- The task -
Your response should be an exact transcription of the data, images excluded.
########################################
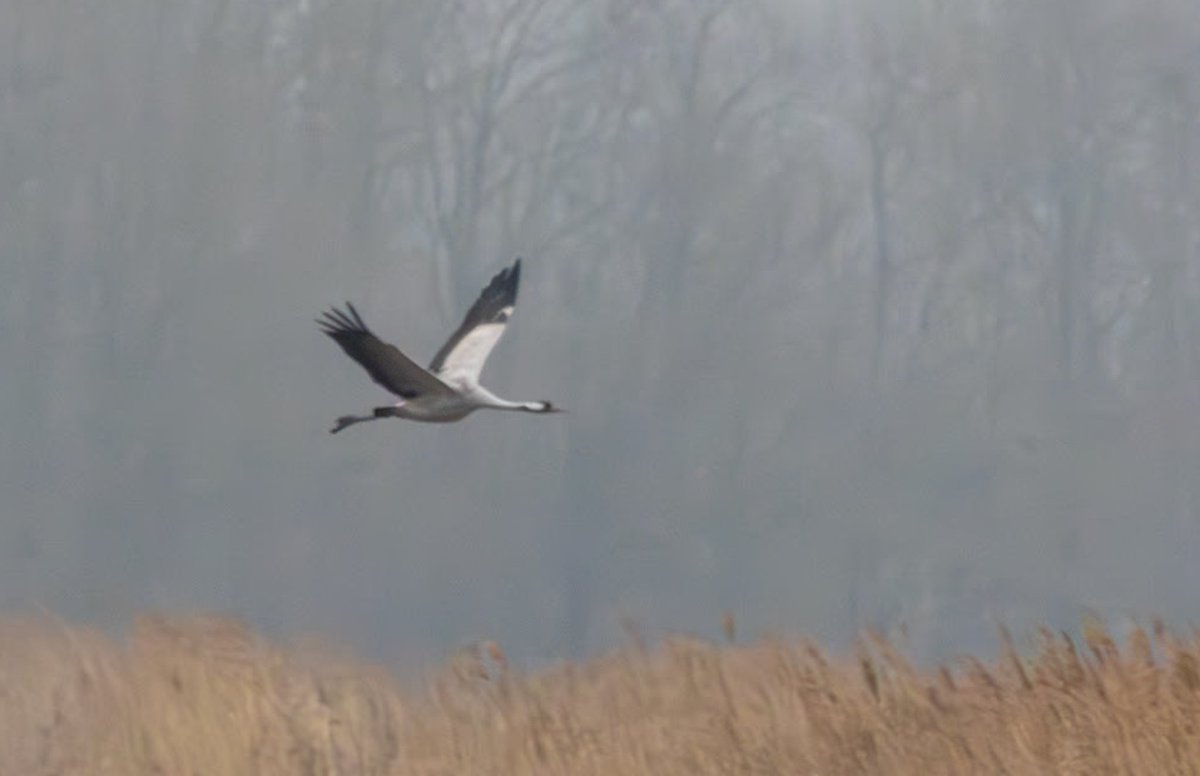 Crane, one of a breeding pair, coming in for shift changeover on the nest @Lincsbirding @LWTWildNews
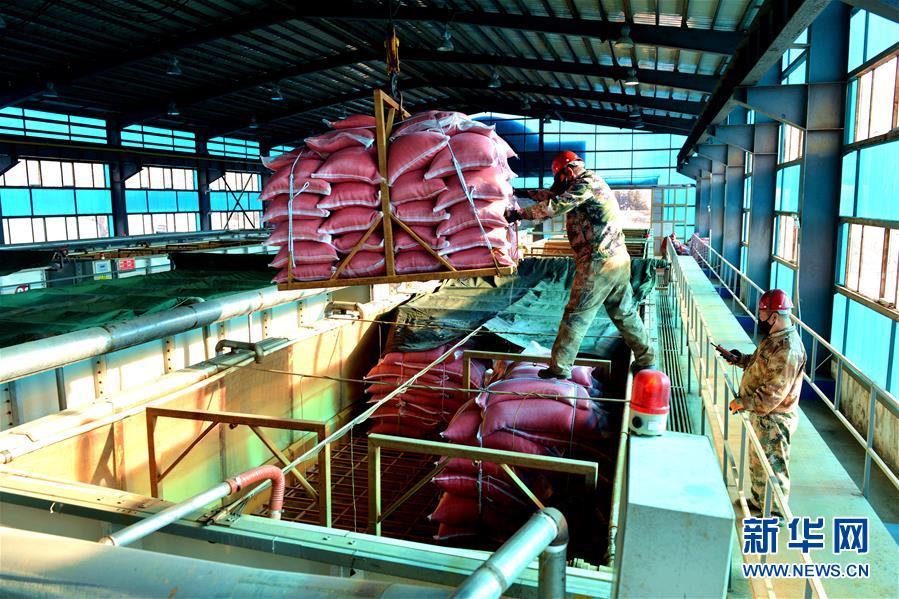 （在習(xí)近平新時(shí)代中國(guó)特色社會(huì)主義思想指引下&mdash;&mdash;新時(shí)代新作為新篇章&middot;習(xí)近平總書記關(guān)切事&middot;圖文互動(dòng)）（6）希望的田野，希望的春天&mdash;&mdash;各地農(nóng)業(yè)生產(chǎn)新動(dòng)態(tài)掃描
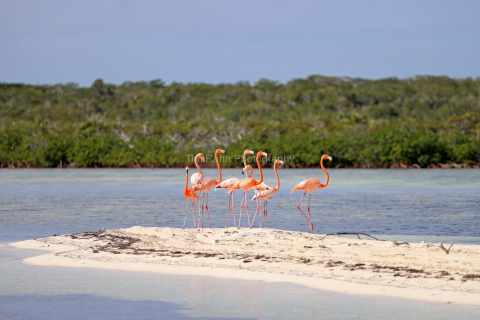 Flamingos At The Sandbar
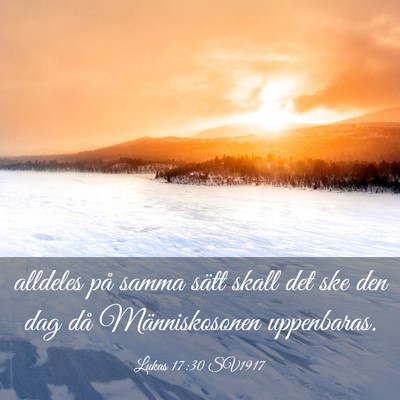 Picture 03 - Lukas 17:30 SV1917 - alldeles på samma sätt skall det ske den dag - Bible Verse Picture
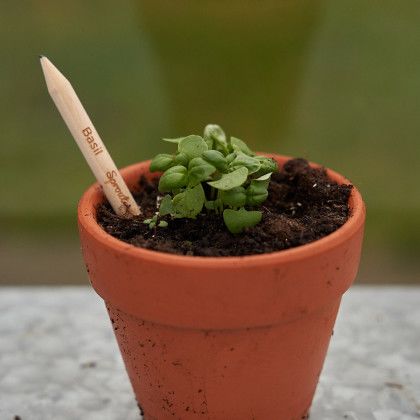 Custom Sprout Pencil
########################################
- Response to the task -
 Crane, one of a breeding pair, coming in for shift changeover on the nest @Lincsbirding @LWTWildNews
 （在習(xí)近平新時(shí)代中國(guó)特色社會(huì)主義思想指引下&mdash;&mdash;新時(shí)代新作為新篇章&middot;習(xí)近平總書記關(guān)切事&middot;圖文互動(dòng)）（6）希望的田野，希望的春天&mdash;&mdash;各地農(nóng)業(yè)生產(chǎn)新動(dòng)態(tài)掃描
 Flamingos At The Sandbar
 Picture 03 - Lukas 17:30 SV1917 - alldeles på samma sätt skall det ske den dag - Bible Verse Picture
 Custom Sprout Pencil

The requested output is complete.